F9: THE FAST SAGA
FILM REVIEW: F9: THE FAST SAGA
Release Date: 25th June 2021
Directed by: Justin Lin
Cast: Vin Diesel, Michelle Rodriguez, Tyrese Gibson, Chris “Ludacris” Bridges
Written by: Daniel Casey, Justin Lin
Cinematography: Stephen F. Windon
``complete and utter codswallop``
It would be very easy to be snooty and condescending about F9: The Fast Saga (or “F9: F-This”), so let’s just fire ahead with the snooty condescension.
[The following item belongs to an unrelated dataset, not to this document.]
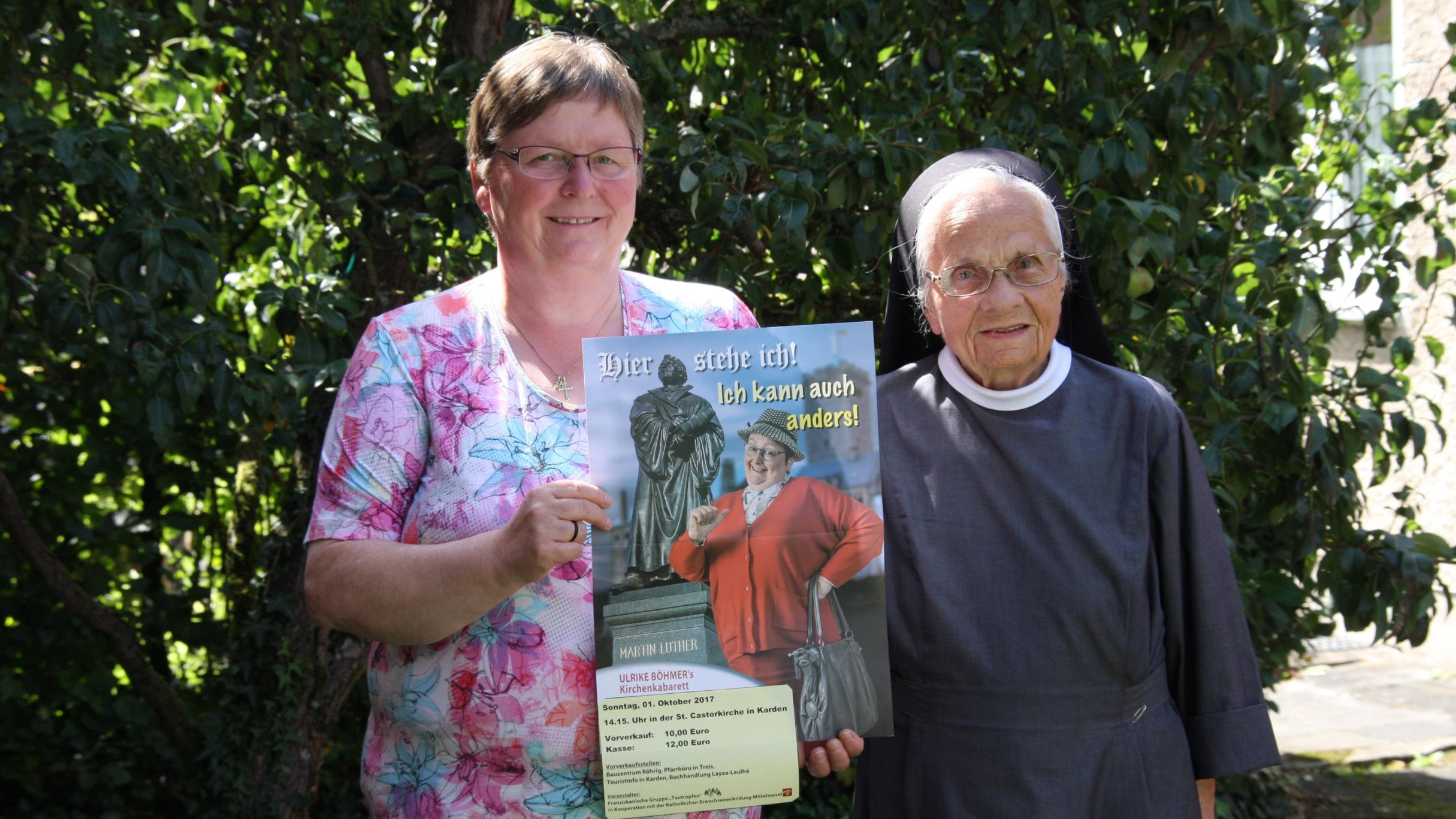 Dietlinde Schmidt (links) und Franziskanerschwester Leonarda freuen sich auf die Jubiläumsfeierlichkeiten.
Through a combination of good circumstance and self-preservation, I have managed to avoid every single one of these Fast & Furious movies until now. I was expecting a bit more bald body builders, dry-humping vulgar wankmobile supercars so beloved of tiny-penised Russian oligarchs. But otherwise F9: The Fast Saga lived up to expectations.
Vin Diesel (a pimento olive on steroids) and John Cena (an anthropomorphic walnut) play warring brothers who drive after each other in many cars. And that’s about it. I’ve seen firework displays with more plot. At one point Cardi B shows up. I presume she’s good at singing, because if she was shot as an actor she’d die innocent.
F9 is broken up into self-contained blocks that could be cut and pasted into any order without making the slightest difference to the plot. Blocks that repeat every 20 minutes. It goes like this: Begin with an establishing drone shot of somewhere like Edinburgh or Tbilisi or Columbia, then move to a soundstage set of a secret underground lair, where Diesel and Michelle Rodriguez and Ludacris and Tyrese Gibson squint intensely at each other and say things like “He was my brother/She was my sister/He was my second cousin by marriage.” And then there’s a car chase.
The most remarkable aspect of F9 is how a car chase can be shoehorned into the most implausible of situations. No matter what the problem, it can be solved through the medium of a car chase. Did your brother kill your father? Car chase. Has a Baltic dictator stolen a super weapon satellite? Car chase.
The action is uniformly ridiculous. Not only does F9 not have even the flimsiest grasp on reality or logic, but it is completely unburdened by physics or gravity. At one point I think John Cena ziplined from Edinburgh to London. The problem with incredulous action sequences that become progressively more incredulous, is that eventually you are left with nowhere to go. It may be tempting to compare this with Mission: Impossible, but the difference is that while you may be aware that Tom Cruise hanging off the side of a plane is daft, it’s never dumb. Mission: Impossible doesn’t insult its audience. F9 most certainly does.
The first big action sequence here is set in the Columbian jungle, which for some reason has a road running right through it. The resulting sequence looks like a live-action Road Runner cartoon. And like a cartoon, there’s no sense of peril or danger. There are no consequences for any of these actions, and eventually you’re just left sitting there thinking, “yeah… so what?” I feel genuine pity for the stunt men and women who worked on this, because it’s a waste of good stuntwork.
The thing about leaving your brain at the door is that eventually you have to pick it up and put it back in, and you’re going to hate yourself in the morning.